> _TASK TO COMPLETE_
Write out the lines below exactly, beginning at the one with "American Eagle AEO" and stopping after the one with "Iridescent 3D Christmas"; the pictures are not copied.

> _AVAILABLE DATA_
######

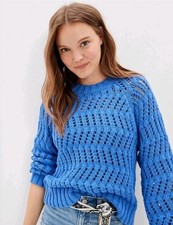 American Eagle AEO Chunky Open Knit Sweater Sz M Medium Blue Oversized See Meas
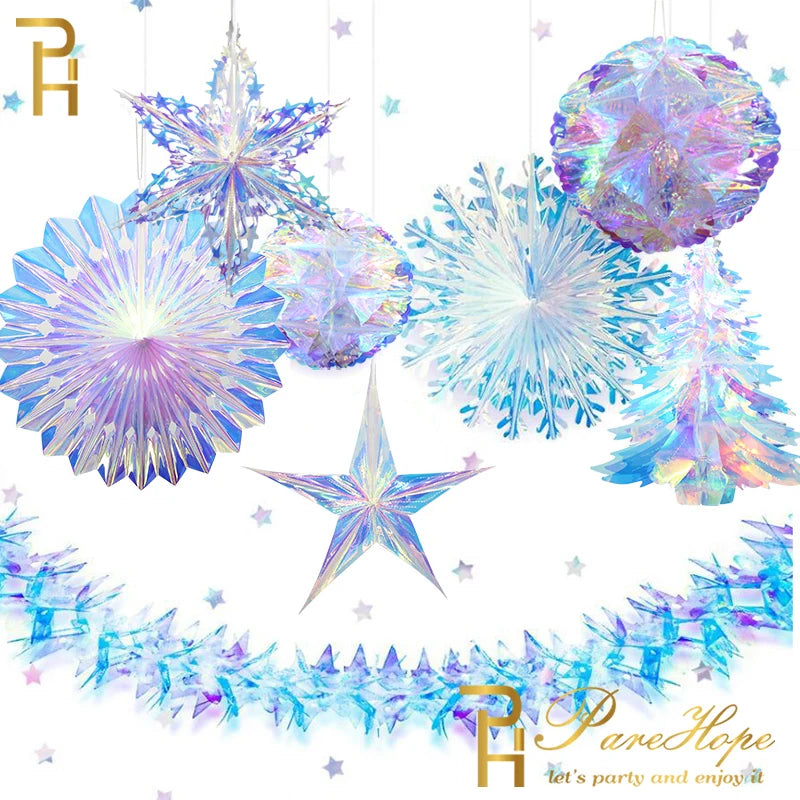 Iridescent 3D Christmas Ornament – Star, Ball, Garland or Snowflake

######

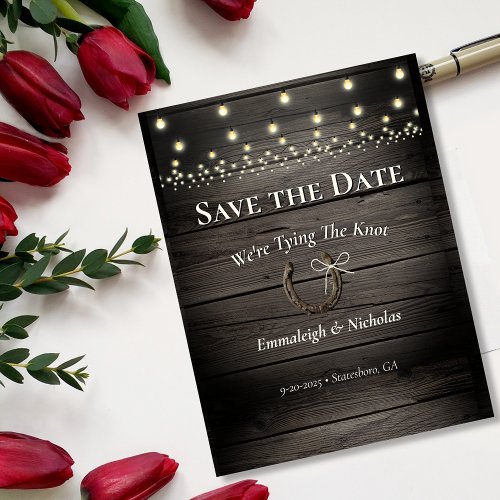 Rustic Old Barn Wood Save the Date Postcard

######

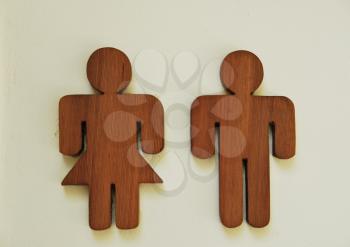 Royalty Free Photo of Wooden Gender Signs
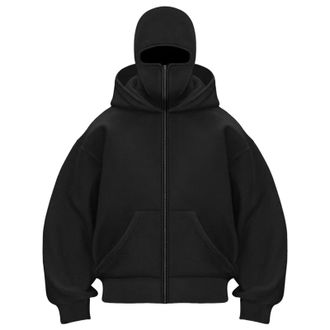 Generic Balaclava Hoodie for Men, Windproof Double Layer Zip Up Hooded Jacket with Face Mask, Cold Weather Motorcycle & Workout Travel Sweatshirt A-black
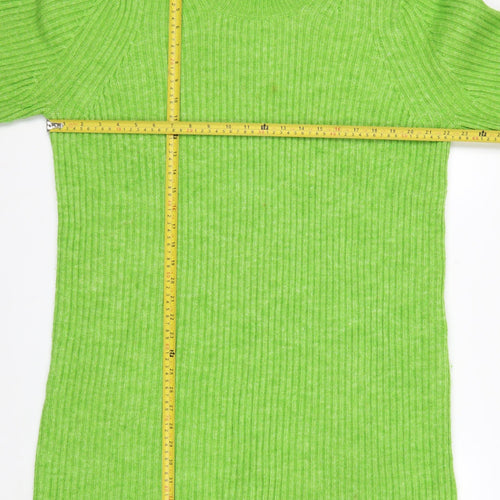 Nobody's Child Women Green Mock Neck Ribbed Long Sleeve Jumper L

######

> _ANSWER SECTION_
 American Eagle AEO Chunky Open Knit Sweater Sz M Medium Blue Oversized See Meas
 Iridescent 3D Christmas Ornament – Star, Ball, Garland or Snowflake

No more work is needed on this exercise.